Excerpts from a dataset
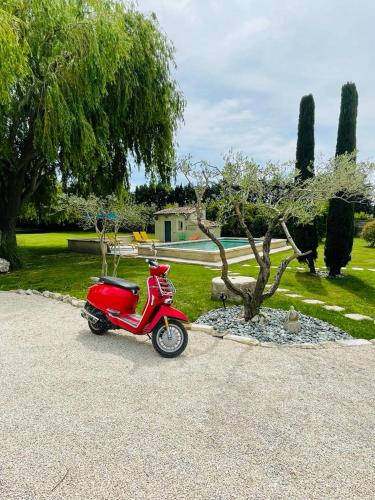 Mas des muses – L'Isle-sur-la-Sorgue
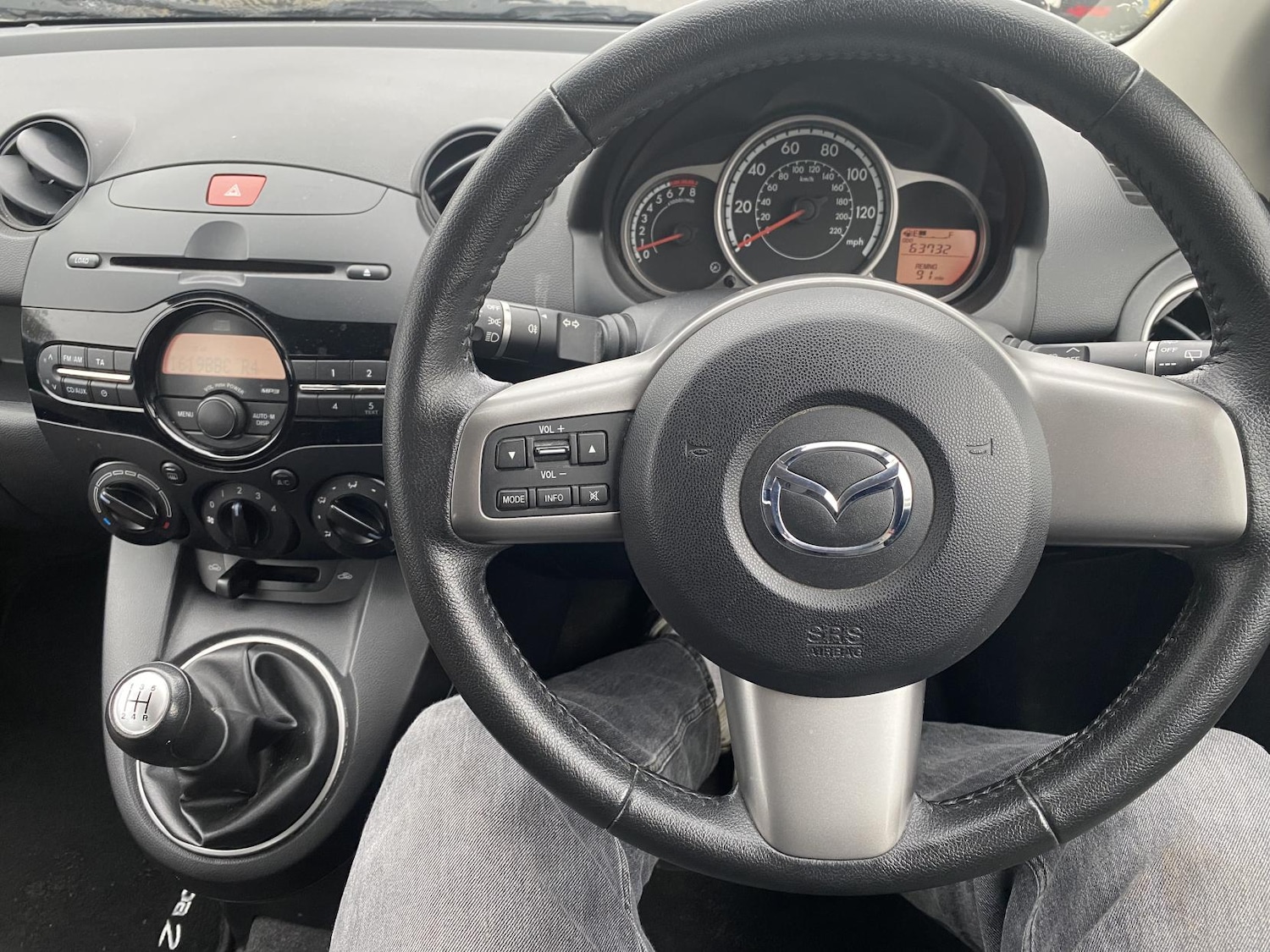 Used Mazda Mazda2 2012 for sale - 77791325: Photo 14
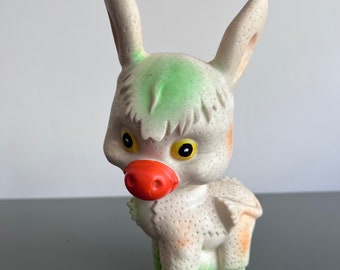 Vintage 1930er Jahre Kitsch Quietsche Spielzeug. Esel. Orange und Grüner Esel. Niedliches Retro Spielzeug. Sammlerstück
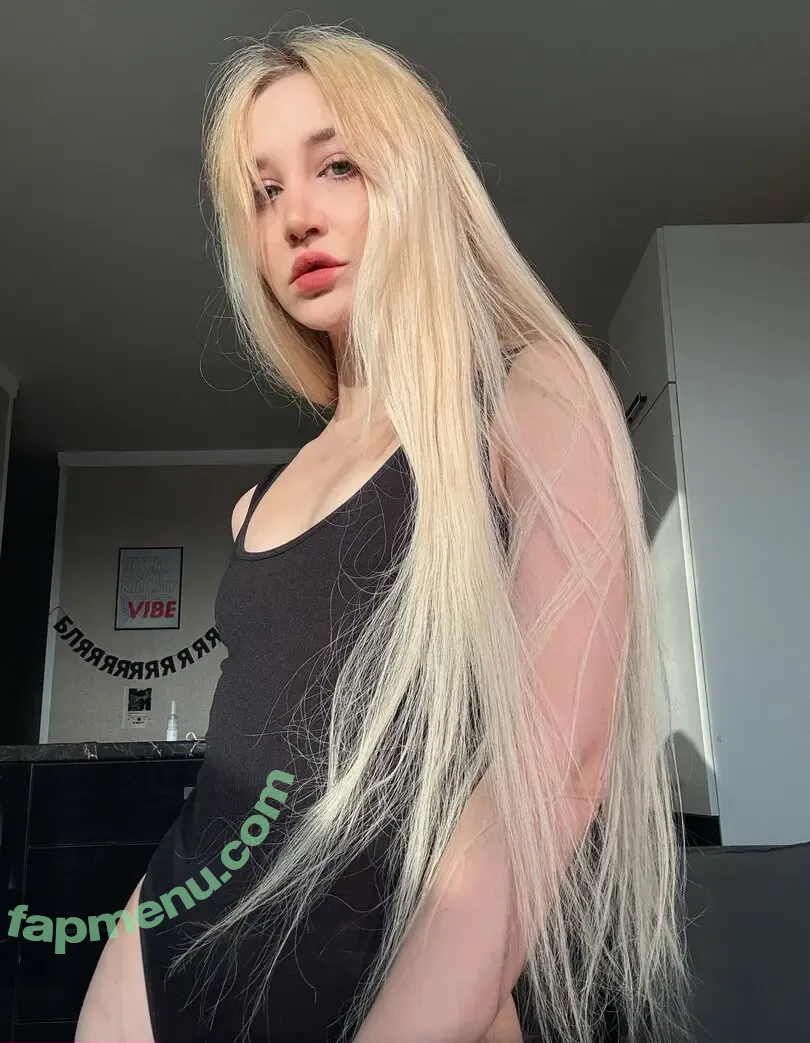 lil_lunabell nude photo #0088 (lill.unabelle)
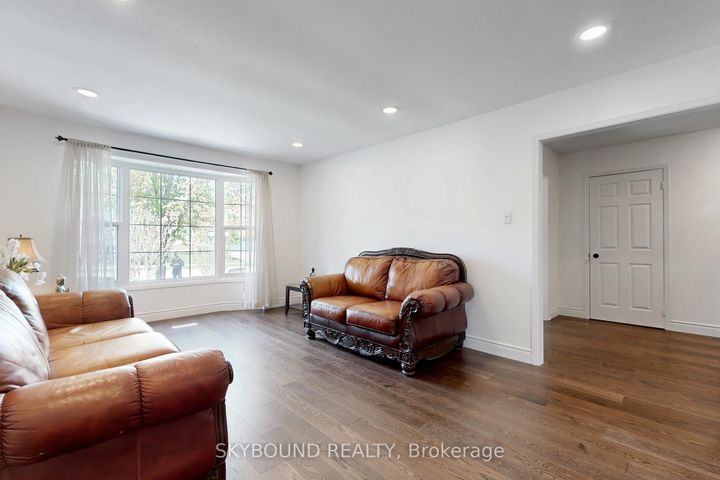 Photo 6 at 2088 Madden Boulevard, RO River Oaks, Oakville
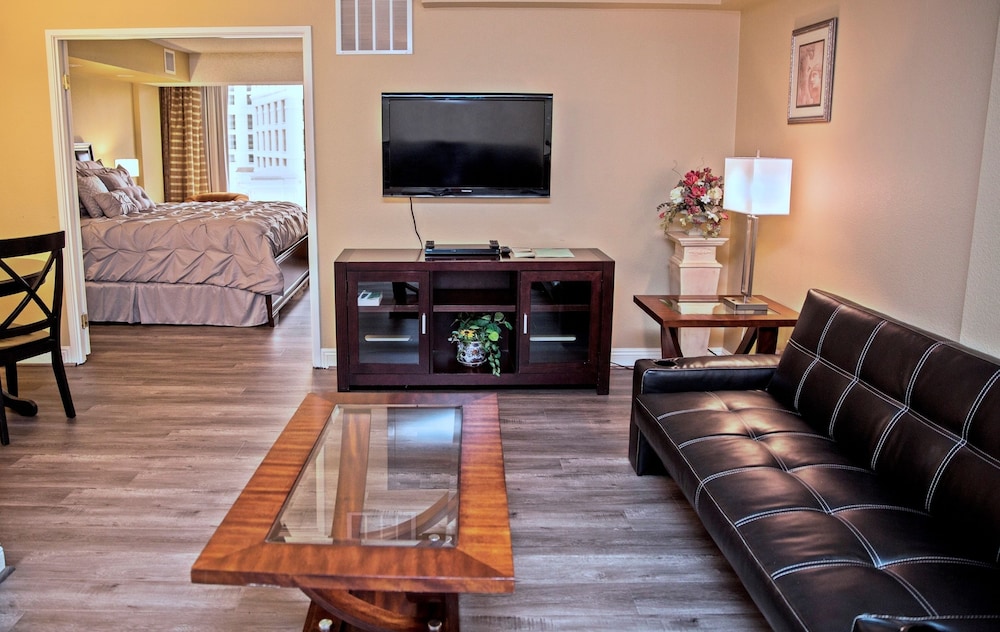 custom suites at the jockey club las vegas room prices reviews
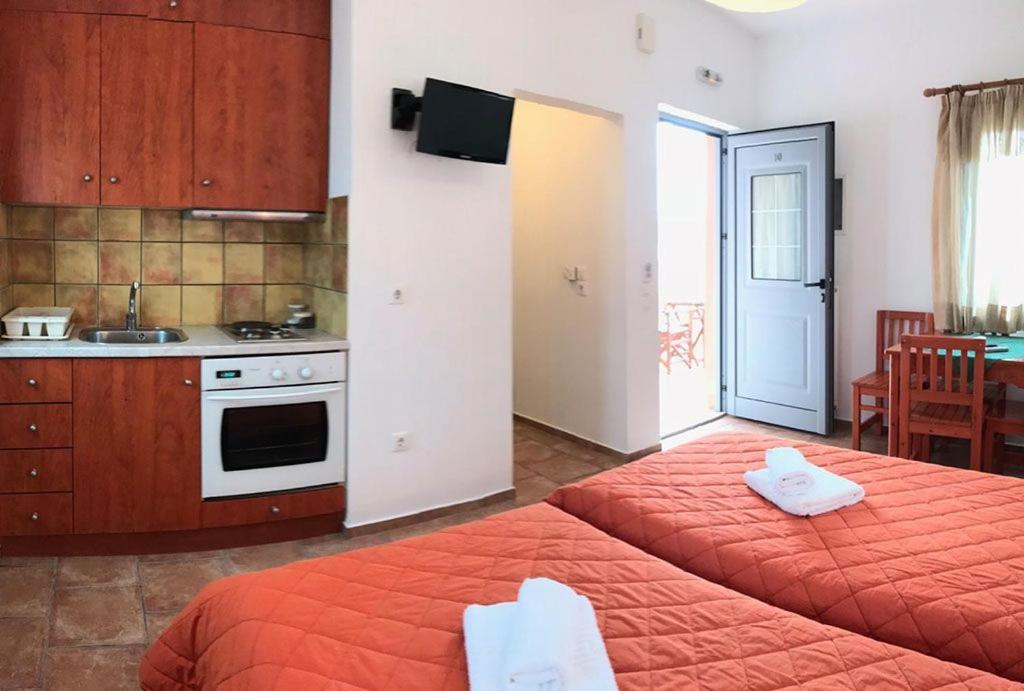 Petradi Aparthotel Livadi  Exterior foto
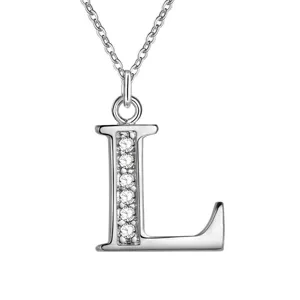 Detailopname van een zilverkleurige letter L hanger ketting glinsterend met heldere zirkoniasteentjes.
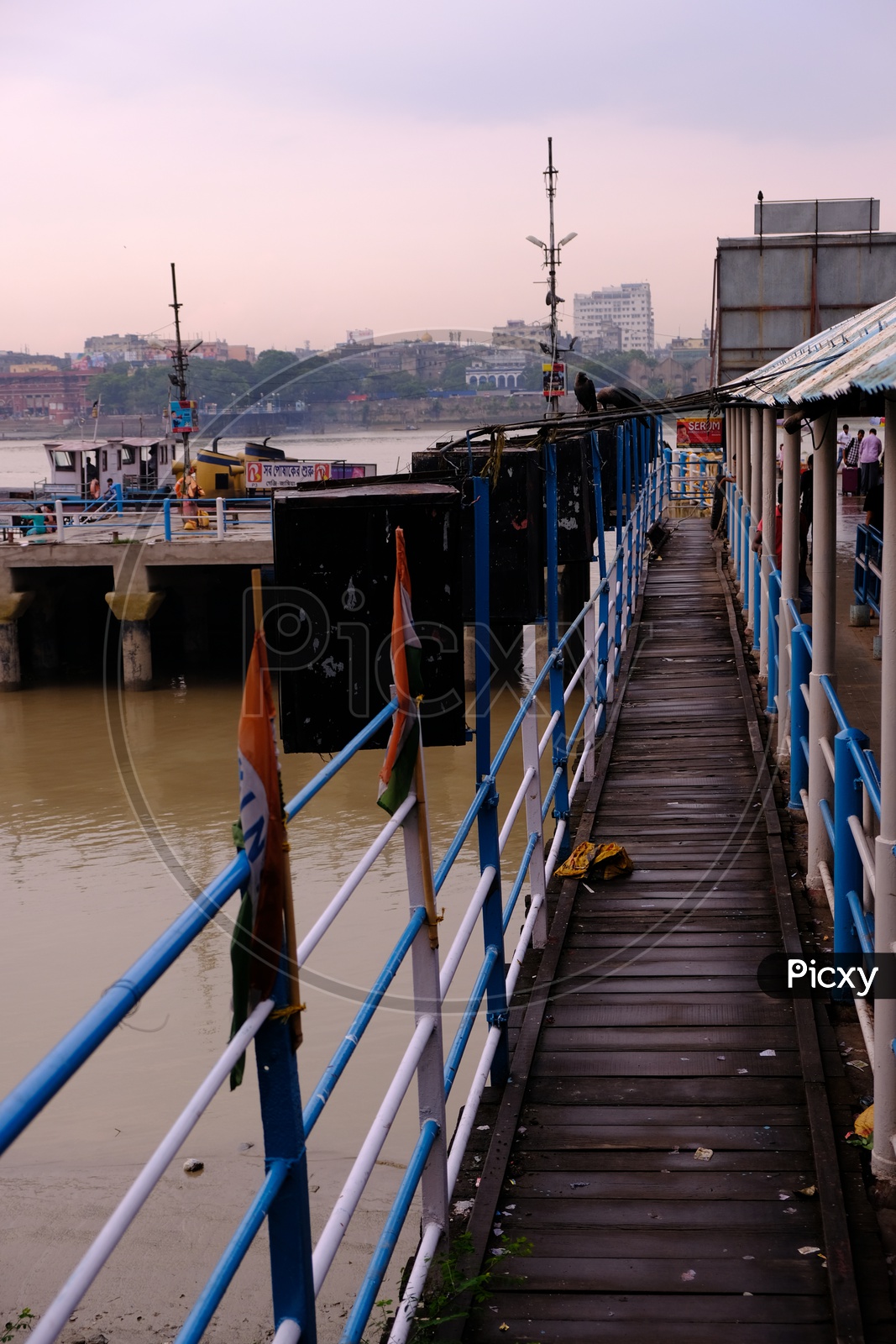 Ferry port on Hooghly near Howrah Bridge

#### Exercise description:
What you need to copy is the run of lines from the one holding "lil_lunabell nude photo" through the end of the data, exactly and only, both ends included, pictures omitted.

#### Your response:
 lil_lunabell nude photo #0088 (lill.unabelle)
 Photo 6 at 2088 Madden Boulevard, RO River Oaks, Oakville
 custom suites at the jockey club las vegas room prices reviews
 Petradi Aparthotel Livadi  Exterior foto
 Detailopname van een zilverkleurige letter L hanger ketting glinsterend met heldere zirkoniasteentjes.
 Ferry port on Hooghly near Howrah Bridge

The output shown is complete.